While black lights do emit the appropriate UVB rays, they do not emit "natural looking" light, and an additional light to mimic sunlight should be provided. For the turtle to receive maximum benefit from his UV light, it should be fixed 18 to 24 inches from his basking spot. Most lights, although they will continue to emit visible light, eventually cease to produce the UVB component of the spectrum and should be replaced every 6 to 12 months. None of these lights approaches natural sunlight, in terms of UVB output and the psychological importance of proper lighting. An animal may benefit from a combination of lights. As long as UV requirements are met, lights may be added to improve color, appetite and behavior. Black lights should be used cautiously as they are not safe for every species and long term or close exposure can lead to eye damage for reptiles and their keepers.

Sunlight is tremendously beneficial, but only when the animal is within its POTZ. When the temperature outside is warm enough, expose your turtle to natural sunlight, either through a screened window or outside in a secure enclosure. Be aware that reptiles when exposed to natural sunlight often undergo dramatic behavior changes, becoming very active and sometimes aggressive.

Turtles put outside for fresh air and exposure to natural sunlight should have access to water and to shelter adequate to permit them to control body temperature. Two to three hours, several times weekly are beneficial. Unless securely confined and protected, animals must be closely supervised.
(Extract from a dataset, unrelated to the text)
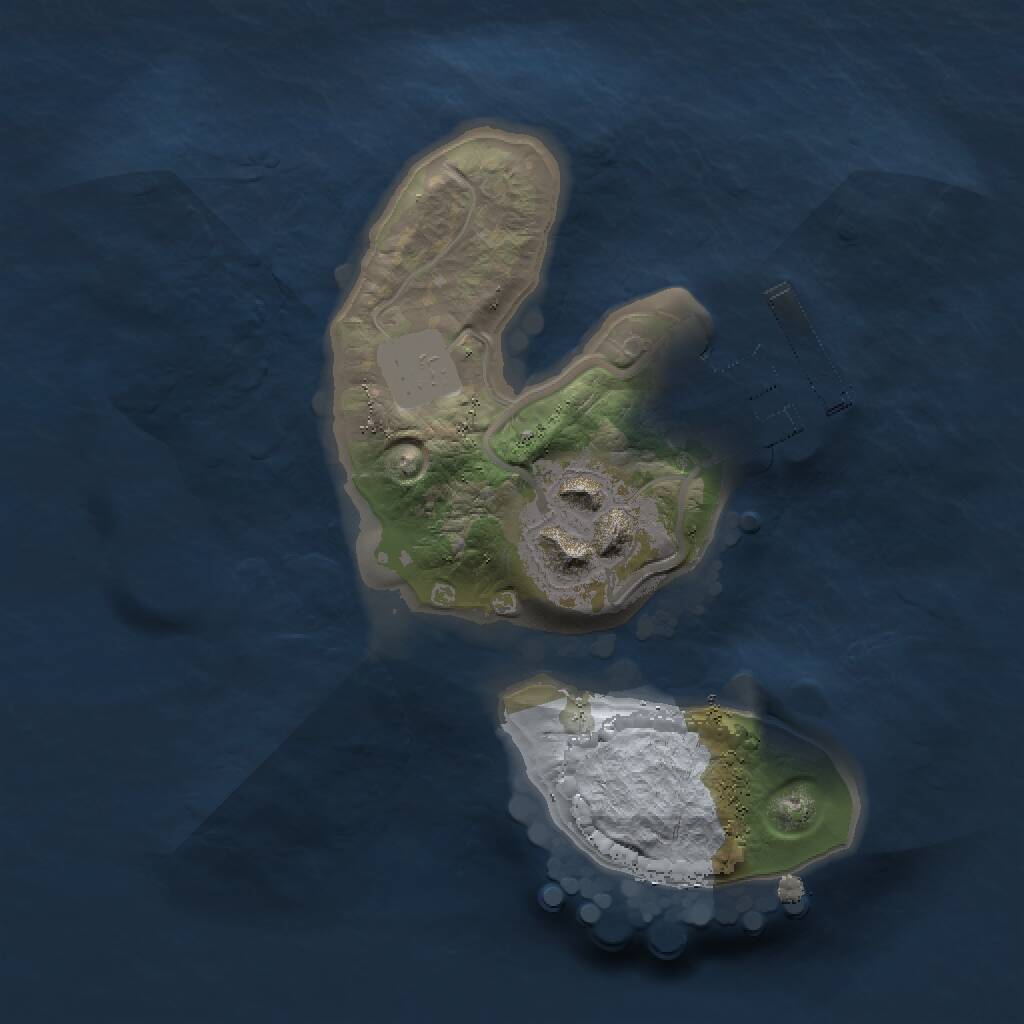 Rust Map: Procedural Map, Size: 1500, Seed: 1112502314, 3 Monuments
Submersible aquarium heaters are necessary to maintain water temperature at 24 to 29 C (75 to 85 F). These can be protected from turtles wishing to destroy them by placing them behind porous plastic sealed across the tank corner (be sure the sealant is safe for use in an aquarium).

Check water and ambient temperatures with a thermometer. Gauging with one's hand is not accurate.

Reproduction

Female red eared sliders are generally larger than males. A mature female can have a carapace length up to 280 mm, while males seldom exceed 200 mm. Females can weigh in excess of 2 kg. Males possess relatively longer front claws and longer tails than females.
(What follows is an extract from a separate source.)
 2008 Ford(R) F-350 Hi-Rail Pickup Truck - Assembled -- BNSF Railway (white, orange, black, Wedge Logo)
Female turtles even without the presence of a male will occasionally lay eggs. Signs that the turtle may lay include digging, a decrease in appetite, and a heightened activity level. Ideally, a nesting area should be available all year, as the turtle is more likely to lay in familiar surroundings than in a box to which she is temporarily removed. The nesting area can be constructed from an appropriately sized plastic container (4 to 5 times larger than the carapace of the female), filled with slightly moist potting soil or peat moss. Many turtles lay their eggs in the water. Should the eggs be fertile, hatching and raising turtles is a challenge, requiring hiding areas and particular attention to nutrition.